The Gospel According To Pixar: Anton Ego’s Conversion in Ratatouille

Another preview of our new publication The Gospel According To Pixar. The following represents a […]

David Zahl / 7.20.10

Another preview of our new publication The Gospel According To Pixar. The following represents a portion of the addendum to the talk on Ratatouille (2007) entitled “Passion, Purpose and Pest-Control.” Major spoilers ahead.

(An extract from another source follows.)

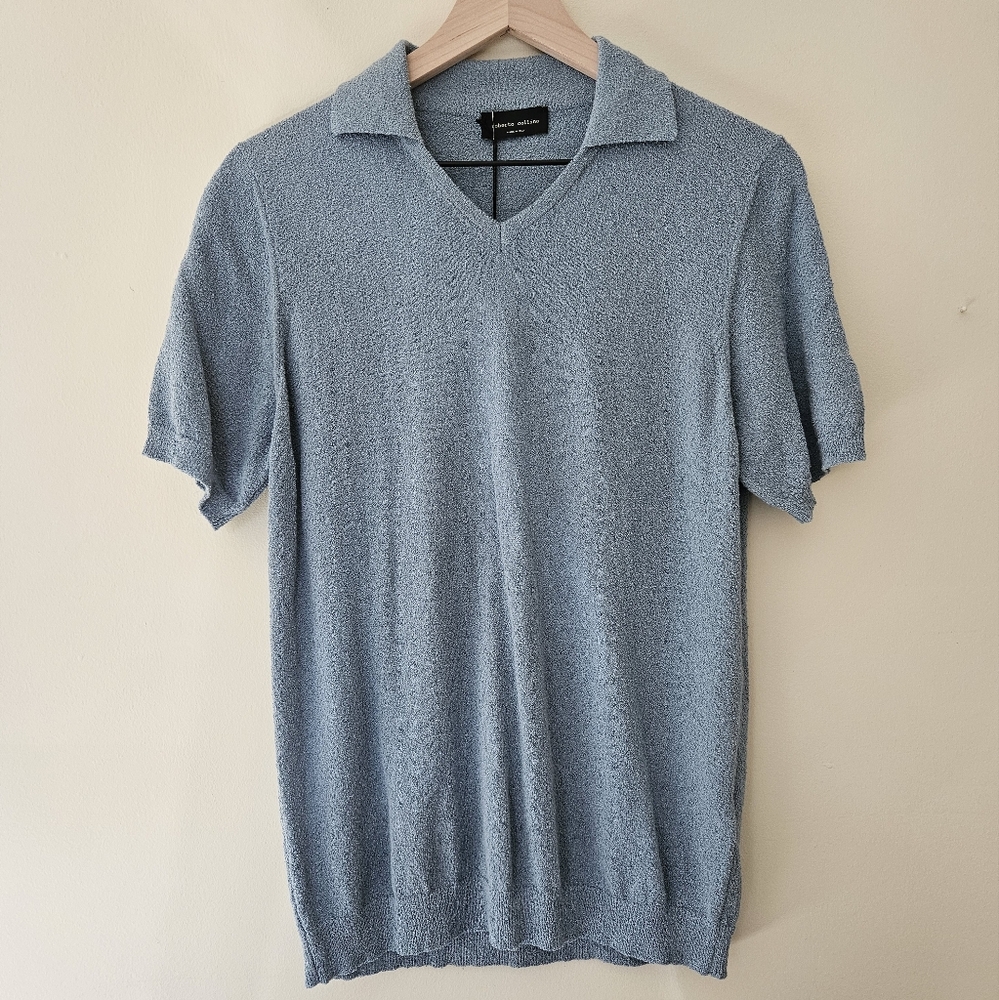 NWT Roberto Collina short sleeve buttonless polo,  Size IT 48 (~US 38/M)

Brad Bird’s Ratatouille is the story a rat named Remy who dreams of being a cook. And he gets that chance via the hapless Linguini, a down-on-his-luck janitor at the famous Parisian restaurant Gusteau. Through a convoluted series of events, Remy ends up directing Linguini’s movements from under his toque, earning him a position as top chef at Gusteau’s. Remy’s cooking attracts the attention of the film’s chief antagonist, the supremely cantankerous food critic Anton Ego, voiced by Peter O’Toole. From a Mockingbird perspective, very few characters in the history of film have represented the Law as purely as Anton Ego, so if you want to know what we mean when we throw around that term, look no further.

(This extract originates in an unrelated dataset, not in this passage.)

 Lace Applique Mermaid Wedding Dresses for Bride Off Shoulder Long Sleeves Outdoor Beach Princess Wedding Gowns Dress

Ouch! Fortunately in this case (and others), the Law is not the final word. In fact, Ego, and his negativity, is undone in what has to be one the most wonderful scenes in Pixar history. It takes place at the end of the film, when Ego has returned to Gusteau’s to review the food, officially, and he has been kept waiting.

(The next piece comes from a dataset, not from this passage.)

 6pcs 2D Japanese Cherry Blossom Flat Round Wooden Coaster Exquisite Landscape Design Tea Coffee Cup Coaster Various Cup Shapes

Eating the ratatouille, Ego has a conversion experience. The taste of the dish transports him back to childhood and reminds him of being taken care of by his mother. The food, in this sense, makes him feel loved. He abreacts – in a moment he is undone, his defenses penetrated – he is born again. We catch a glimpse of what Jesus meant when he said, we must become like children (Matt. 18:3). It is a profound moment.

Ego’s closing speech is that of a converted man, the expression of a veil being pulled back. The overflow of a grateful heart taking the form of uncontrived praise and, well, evangelism. It is also a beautiful articulation of what we call “The Nazareth Principle”: Good things coming from unexpected places, the ultimate of example of which being the carpenter from Nazareth. Not only is the cook unexpected, the ratatouille itself is an odd choice for a restaurant that serves haute cuisine. Similarly, the Christian Gospel is counter-intuitive. More often than not, it hits us sideways, in our blind spot. The vulnerable and needy place. We don’t expect it, so our walls are down. Thank God.

1 Cor 1:27 “But God chose the foolish things of the world to shame the wise; God chose the weak things of the world to shame the strong.”